→ **What the task asks**
Give every entry below again, exactly as written, and skip the images.

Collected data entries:
####
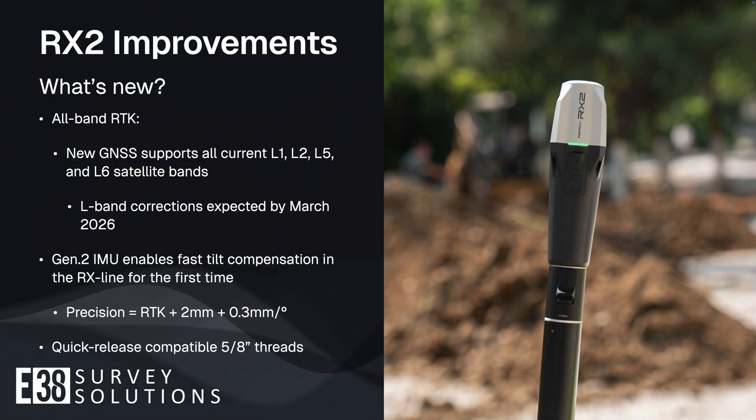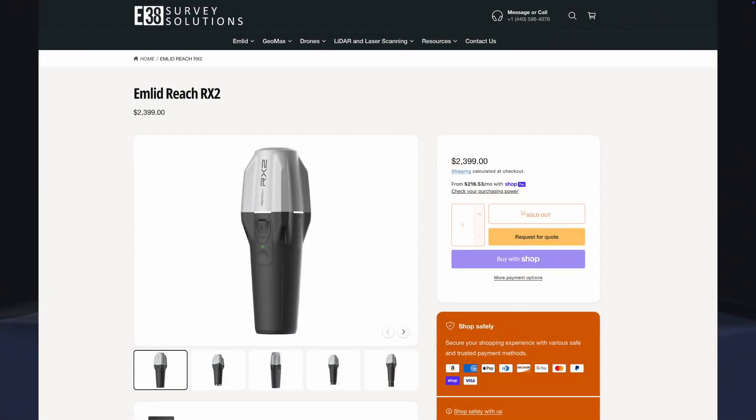Head over to E38SurveySolutions.com to order your RX2 today, or contact us if you'd like to discuss the right GNSS solution for you. This has been Patrick with E38 Survey Solutions. Thanks for watching.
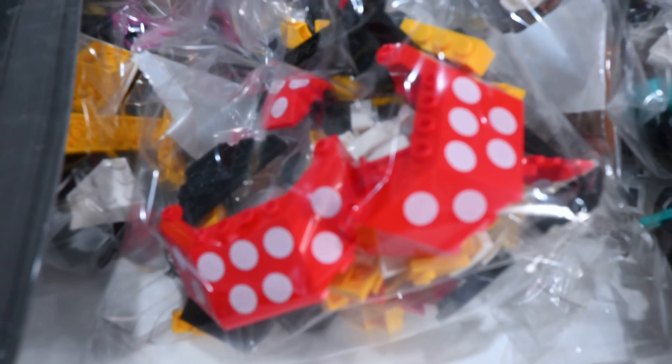Wherever the winds take us, I really like the idea of getting started on a big set like this, and then maybe we can work on the small stuff while this is in progress and get a whole bunch of things done. That's what I envision. We'll see how this all turns out, and we'll see just how many pieces are in this set.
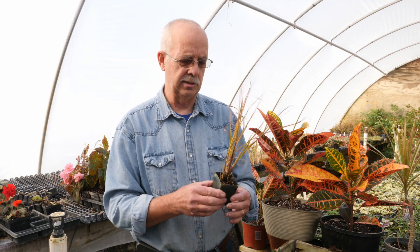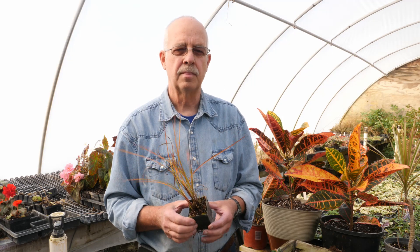We have two different size liners in ornamental grasses. One is a 50 count where the pots are about two inches square, and the other is a 32 count where you have a two by two-and-a-half inch size pot. I hope that clears it up for you.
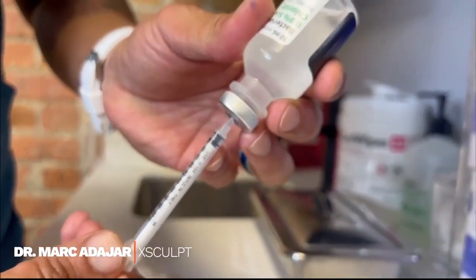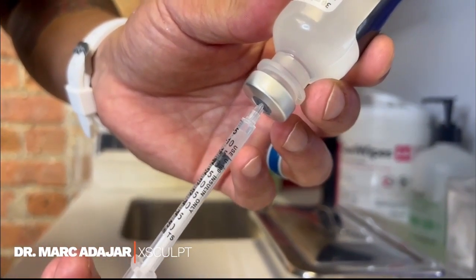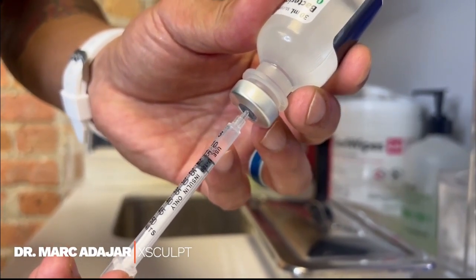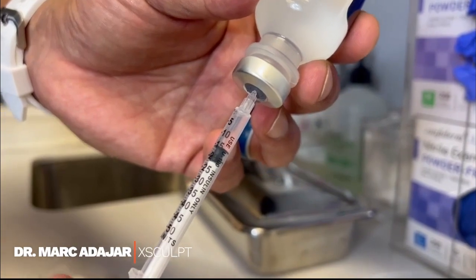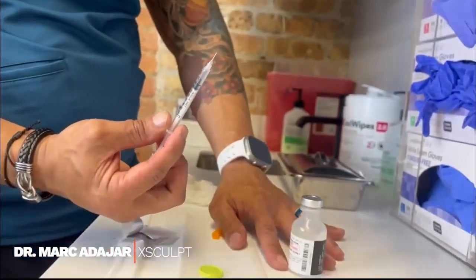Depending upon your dosage, you can see that you're filling it up. Refer to your instructions on how much you are to inject. If you're just starting out, usually for semaglutide it's 10 units and for tirzepatide it's 15 units. You can see I'm at the 15-unit mark here. Then you pull this out and put the vial in the refrigerator.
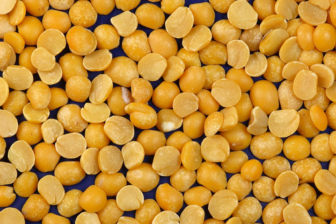Culinary uses: Green and yellow split peas are commonly used to make pea soup or split pea soup, and sometimes peas pudding, which was commonly prepared in medieval Europe. In Western Asia, and particularly in Iran, it is known as lape, and it is the main ingredient of a famous stew called Khoresh-e-gama.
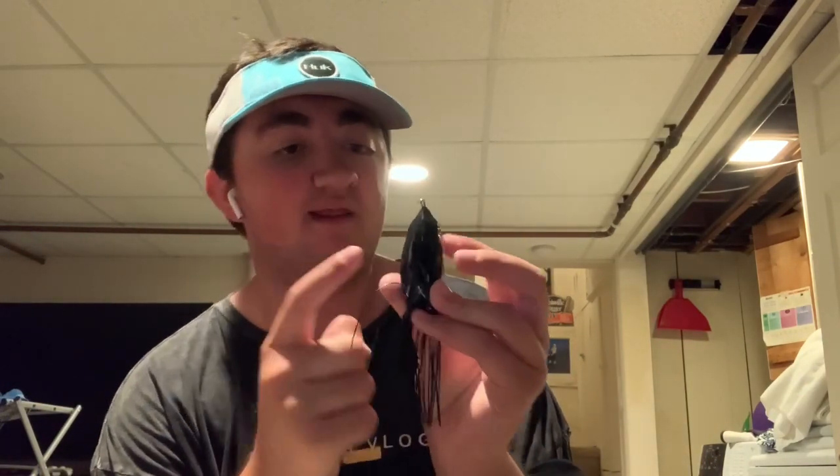Another big tip about these Filthy Frogs by Googan Baits — the bellies of the frog. The Ghost Gill belly has a glitter bottom, which is very significant and attractive to the bass. The black frog with the black belly is good for sunny days, and the white frog with the white belly is good for cloudy days. I highly recommend the Googan Squad Filthy Frog. The next brand I like to use is Sabeal — specifically the Sabeal Pivot Frog. I have three right here.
####
→ **Written response**
Head over to E38SurveySolutions.com to order your RX2 today, or contact us if you'd like to discuss the right GNSS solution for you. This has been Patrick with E38 Survey Solutions. Thanks for watching.
Wherever the winds take us, I really like the idea of getting started on a big set like this, and then maybe we can work on the small stuff while this is in progress and get a whole bunch of things done. That's what I envision. We'll see how this all turns out, and we'll see just how many pieces are in this set.
We have two different size liners in ornamental grasses. One is a 50 count where the pots are about two inches square, and the other is a 32 count where you have a two by two-and-a-half inch size pot. I hope that clears it up for you.
Depending upon your dosage, you can see that you're filling it up. Refer to your instructions on how much you are to inject. If you're just starting out, usually for semaglutide it's 10 units and for tirzepatide it's 15 units. You can see I'm at the 15-unit mark here. Then you pull this out and put the vial in the refrigerator.
Culinary uses: Green and yellow split peas are commonly used to make pea soup or split pea soup, and sometimes peas pudding, which was commonly prepared in medieval Europe. In Western Asia, and particularly in Iran, it is known as lape, and it is the main ingredient of a famous stew called Khoresh-e-gama.
Another big tip about these Filthy Frogs by Googan Baits — the bellies of the frog. The Ghost Gill belly has a glitter bottom, which is very significant and attractive to the bass. The black frog with the black belly is good for sunny days, and the white frog with the white belly is good for cloudy days. I highly recommend the Googan Squad Filthy Frog. The next brand I like to use is Sabeal — specifically the Sabeal Pivot Frog. I have three right here.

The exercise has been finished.